La théorie du terrain joue aussi un rôle aujourd’hui, du simple fait que nous savons que maintenir un bon système immunitaire permet d’éviter de tomber malade.
Alors, Béchamp ou Pasteur ? Les deux avaient peut-être à la fois raison et tort.

Et pour le Covid-19 ? Considérons la crise sanitaire actuelle du point de vue de la théorie du terrain d’Antoine Béchamp.

Tout d’abord, les virus ne sont pas des organismes vivants ou des micro-organismes vivants. Ils n’ont pas de système respiratoire, ni de noyau ou de système digestif. Les virus ne sont pas vivants, mais alors, comment sont-ils contagieux ? Sur quoi est justifiée la crainte que suscite le Coronavirus aujourd’hui ?


L’observation des virus est fondamentalement biaisée

Les virus sont observés dans des environnements de cultures cellulaires/boîte de Petri :

Les cultures cellulaires sont cultivées dans des conditions contrôlées en dehors de leur environnement naturel, dans lesquelles les cellules sont maintenues artificiellement en vie par des fluides toxiques qui nuisent à l’activité cellulaire. Dans un tel environnement stérile, les cellules ne peuvent pas utiliser toute la gamme de leurs méthodes de nettoyage normales comme elles le feraient dans le corps humain.

Ces processus sont :

  • La phagocytose (et tous ses processus)
  • Bactérien
  • Fongique
  • Parasitaire
  • Viral (virus)

Dans le processus de phagocytose, les débris cellulaires et les tissus morts et mourants sont absorbés et rejetés pour être éliminés du corps. Ce sont les bactéries qui effectuent ce processus en grande partie, principalement en tant que charognards. Les champignons et les parasites sont utilisés selon les besoins dans des cas particuliers, et dans ce processus, de petites quantités de virus peuvent être utilisées pour accompagner tous les autres processus. Tous ces processus sont actifs, mais les virus ne sont pas vivants. Dans un tel environnement artificiel où les cellules sont maintenues en vie mais non en bonne santé par des sérums, les cellules vont dégénérer et leurs nettoyeurs viraux vont devenir proéminents. Les virus ne se multiplient pas d’eux-mêmes. Lorsqu’on les ajoute à des boîtes de Petri fertiles qui maintiennent la vie cellulaire, aucune structure protéique virale supplémentaire n’apparaît. Ce n’est que lorsque des cellules sont ajoutées qu’il y a multiplication des structures protéiques virales. Cependant, cela est dû au fait que les boîtes de Petri ne constituent pas un environnement approprié ou sain pour les cellules, et qu’il y a donc des déchets viraux. En effet, les cellules doivent fabriquer des virus pour se nettoyer dans un environnement aussi toxique puisqu’elles n’ont pas accès à l’ensemble de leurs processus de nettoyage comme cela se produirait dans l’organisme. Je vais montrer pourquoi…

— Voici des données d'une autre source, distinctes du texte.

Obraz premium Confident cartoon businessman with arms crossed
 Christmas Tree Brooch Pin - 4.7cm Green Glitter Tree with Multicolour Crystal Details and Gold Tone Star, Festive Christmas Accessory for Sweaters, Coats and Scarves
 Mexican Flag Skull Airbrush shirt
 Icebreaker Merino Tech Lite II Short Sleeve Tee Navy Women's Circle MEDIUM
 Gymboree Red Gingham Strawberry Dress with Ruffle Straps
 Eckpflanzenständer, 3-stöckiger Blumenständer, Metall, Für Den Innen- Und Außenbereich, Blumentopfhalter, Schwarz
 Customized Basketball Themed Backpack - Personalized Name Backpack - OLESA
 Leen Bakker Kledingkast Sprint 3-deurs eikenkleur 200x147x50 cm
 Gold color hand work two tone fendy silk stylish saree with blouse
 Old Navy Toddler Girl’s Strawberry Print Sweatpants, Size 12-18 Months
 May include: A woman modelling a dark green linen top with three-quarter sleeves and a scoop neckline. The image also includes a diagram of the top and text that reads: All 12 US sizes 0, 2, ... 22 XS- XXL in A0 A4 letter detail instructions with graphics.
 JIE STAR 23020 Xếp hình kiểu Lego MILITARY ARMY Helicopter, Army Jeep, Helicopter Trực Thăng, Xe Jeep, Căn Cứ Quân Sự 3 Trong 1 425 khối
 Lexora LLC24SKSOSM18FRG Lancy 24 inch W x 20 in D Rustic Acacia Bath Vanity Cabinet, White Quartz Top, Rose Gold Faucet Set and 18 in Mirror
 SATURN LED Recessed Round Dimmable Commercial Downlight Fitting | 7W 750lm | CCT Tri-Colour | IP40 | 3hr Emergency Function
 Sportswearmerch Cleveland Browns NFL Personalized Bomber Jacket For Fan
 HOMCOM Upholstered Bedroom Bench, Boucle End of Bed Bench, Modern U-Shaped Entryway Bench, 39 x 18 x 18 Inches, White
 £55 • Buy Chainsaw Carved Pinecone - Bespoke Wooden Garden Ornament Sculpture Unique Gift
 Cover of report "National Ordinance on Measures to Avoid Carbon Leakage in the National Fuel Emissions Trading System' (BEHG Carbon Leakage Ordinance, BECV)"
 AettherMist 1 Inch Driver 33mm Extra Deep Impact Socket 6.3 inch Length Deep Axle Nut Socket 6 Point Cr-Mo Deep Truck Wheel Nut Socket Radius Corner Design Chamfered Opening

Remarque : les virus sont nécessaires pour dissoudre les tissus morts et mourants lorsque les tissus sont si toxiques que les microbes vivants ne peuvent pas se nourrir de ces tissus, déchets et débris cellulaires et les éliminer sans être empoisonnés mortellement.

Quand l’activité virale deviendra-t-elle importante ?

Comme indiqué, des virus peuvent accompagner ces processus en petites quantités. Cependant, les virus ne deviendront importants que lorsque tous ces autres processus auront été largement éliminés :

  • Toxicité environnementale
  • Pollution
  • Intoxication chimique
  • Mauvaise qualité de l’air
  • Une eau de mauvaise qualité
  • Mauvaise qualité des aliments
  • Carences nutritionnelles
  • Mauvaise combinaison ou mauvais choix d’aliments
  • Les traitements médicaux, tels que les antibiotiques et certains médicaments

Lorsqu’un corps présente un degré élevé de toxicité, les bactéries qui se nourrissent de cette matière morte toxique et des tissus sont empoisonnées et meurent. Lorsque le corps se trouve à un tel point de toxicité systémique, où les niveaux de bactéries et tous les microbes vivants dans le corps ont été diminués ou tués pour les raisons mentionnées ci-dessus, le corps fera appel à l’aide de virus pour l’aider à se nettoyer. Lorsque l’organisme ne peut pas utiliser de méthodes plus douces, comme un rhume (généralement bactérien), il utilise l’aide de solvants protéiques non vivants, connus sous le nom de virus. Je vais montrer pourquoi c’est la seule réponse logique.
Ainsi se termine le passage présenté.